Sherpa will automatically learn a user's preferences and personalize information around the user. The launch provides Geodelic with great visibility which is important in launching an application in an emerging category - local discovery.

Why T-Mobile's myTouch 3G?
Android has gained tremendous momentum over the last several months, and the T-Mobile myTouch is the flagship device for Android in the United States. Plus, it's just a really great user experience.

What challenges will this application address and for whom?
Geodelic's Sherpa application allows users to discover information about their location effortlessly without searching. As such we feel that it benefits a very broad range of consumers.

While there is currently a lot of content related to metropolitan areas and retail experiences, we are rapidly enhancing the application with a broad range of niche content.

How is the application being monetized and promoted?
We feel that local discovery will create tremendous efficiencies for consumers to find goods and services, as well as for businesses to communicate with their customers at their locations. While the initial focus is around the user experience, we feel that as the industry matures over the next two years, ad models analogous to keyword bidding will emerge with a focus on contextual targeting.

We have also become very convinced that next year the idea will be transformative in how companies think about mobile publishing.

Just like the late 90's saw mainstream adoption of Web sites, we will rapidly see mainstream adoption of location-based experiences.

At the end of next year, if you walk into a hotel and your phone doesn't give you contextual info (i.e. what room your meeting is in, what the restaurant specials are and when the gym classes are), you're going to think either your hotel or the phone is broken.

This implementation is really fascinating because the application learns about the user continuously. What do you think this means for mobile marketers and advertisers? Will we see products like this more and more?
A lot of personalization has been tried on the Web with mixed success.

The phone, however, is a very personal device. At Geodelic, we are working to use both aggregate information to improve the experience and anonymous personal information.

For mobile marketers, this means increasing efficiency for getting their message out at the right place, at the right time to the right users.

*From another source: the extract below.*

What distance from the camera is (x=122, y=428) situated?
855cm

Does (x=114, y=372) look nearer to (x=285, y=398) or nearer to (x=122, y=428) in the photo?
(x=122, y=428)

Being able to reach people with a rich marketing experience on mobile devices is a watershed scenario for marketers, and personalization will make this much more appealing to the consumer.

Where do you see mobile taking us in the future?
We are at the beginning of the biggest Internet transformation since the World Wide Web.

Leading this are two complementary trends: 1) Rich mobile applications and 2) Location awareness.

The combination of these is going to create a new kind of Web that is optimized for mobile devices and will in the not-so-distant future surpass keyword search with regards to user traffic.

We call this the "global mobile Web," and this network of information will become dominant on mobile devices.

You might want to look up information a few times a day and that will be a lot of traffic.

On the other hand, having your device offer you information about your local environment and activities and information related to it, will be something that phones continually and automatically do in the future.

And this transformation is going to be the fastest in the history of technology, due to the unbelievable growth curve on these Internet-connected mobile devices.